Uriah Heep is a band whose live concerts are amply captured on video. I myself have quite a few of the band's live concert videos on DVD, but until now I've never had the pleasure to see the present concert film capturing the band live in Moscow in the late 80's. Apparently, Uriah Heep became the first Rock band from the West to break through the Iron curtain and perform on the other side. As such, this video is of historic importance regardless of what you think about Uriah Heep's music. But for those of us who do like their music, it is exciting to consider that it (and Rock music in general) was one of the forces that helped to bring an end to Communism in Eastern Europe. It is undoubtedly true that music can empower people (which was probably why the authorities wanted to suppress it).

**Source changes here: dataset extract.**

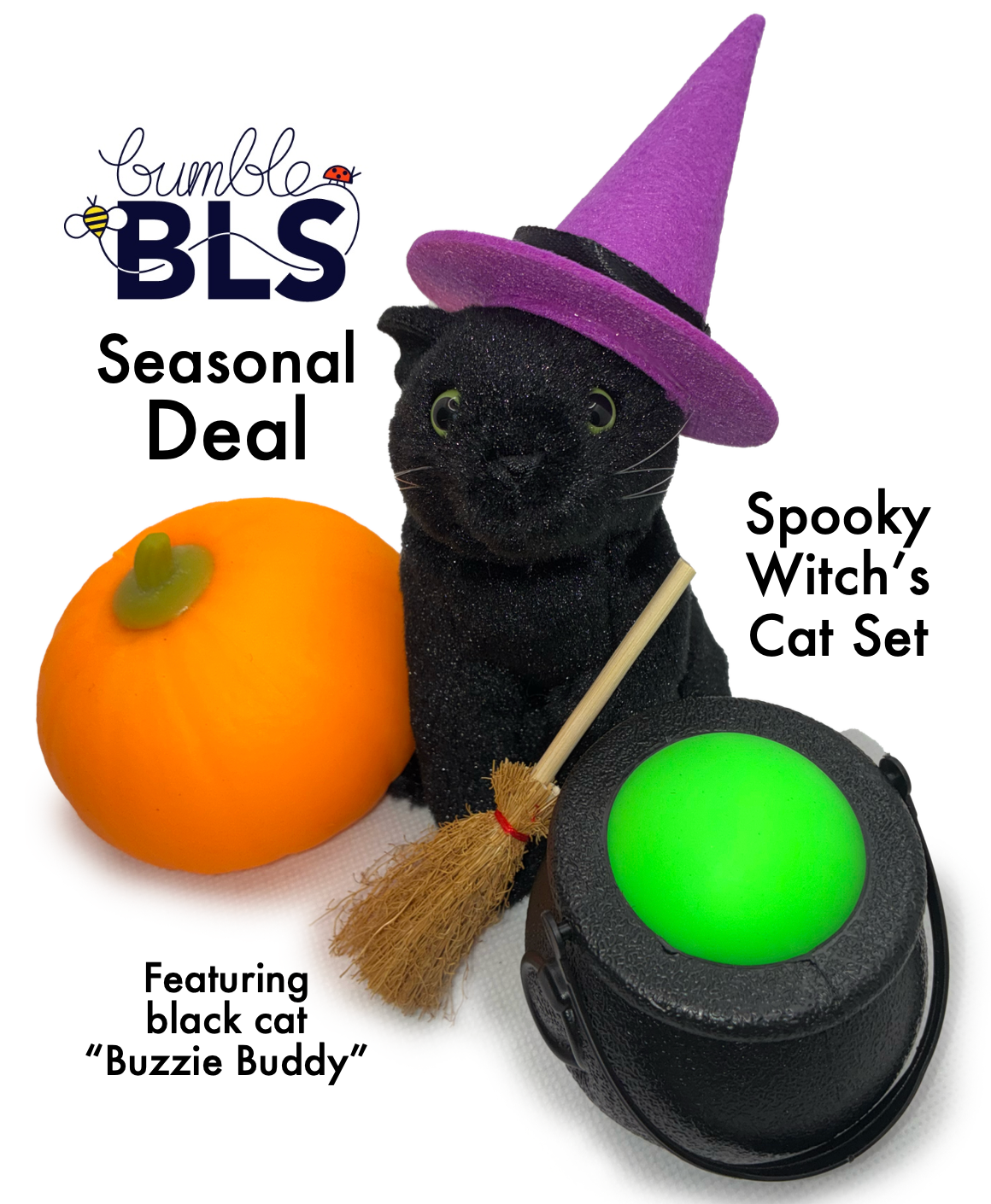 October Seasonal Deal:  Witch's Cat Collection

This film is however noteworthy not just for reasons of political history. It also marked the beginning of a new line-up of the band--a line-up that would go on to be the longest lasting and most stable line-up in the band's history. Moreover, the set list contains three songs that are not included on any of the band's studio albums. These are Pacific Highway, Corina, and Mr. Majestic. The latter is particularly interesting as it features lead vocals by Phil Lanzon (the band's new keyboard player at the time and who wrote the song). Lanzon is not a great singer, and it is by no means a great song, but it is rather interesting to hear it as it stands apart from the band's regular repertoire. Pacific Highway and Corina are, by contrast, rather typical Uriah Heep numbers of this era and would have fitted well on Raging Silence.

The band are energetic and very much in their element throughout. The new members of the band fit right in; Lanzon is on fire on the keyboards and Bernie Shaw is a fantastic vocalist and showman. The classic songs performed include Look At Yourself, Easy Livin', Gypsy, July Morning, and The Wizard, and the 80's are represented by Too Scared To Run. All of these are really good songs and this rendition of Gypsy is particularly interesting due to the symphonic keyboard interlude it contains. As far as I understand this film doesn't feature the complete set list that was performed at these concerts. The live album from the same concerts contains a few songs that are not present here (and vice versa). As such, neither release seems to be complete. But this doesn't detract from my enjoyment of this film.

This is definitely a very good addition to any Uriah Heep collection and essential for fans, but it is not their best live concert video (my two favourites are Magic Night and Acoustically Driven) and certainly not the only one you need to have. Still, it is worthy of four stars.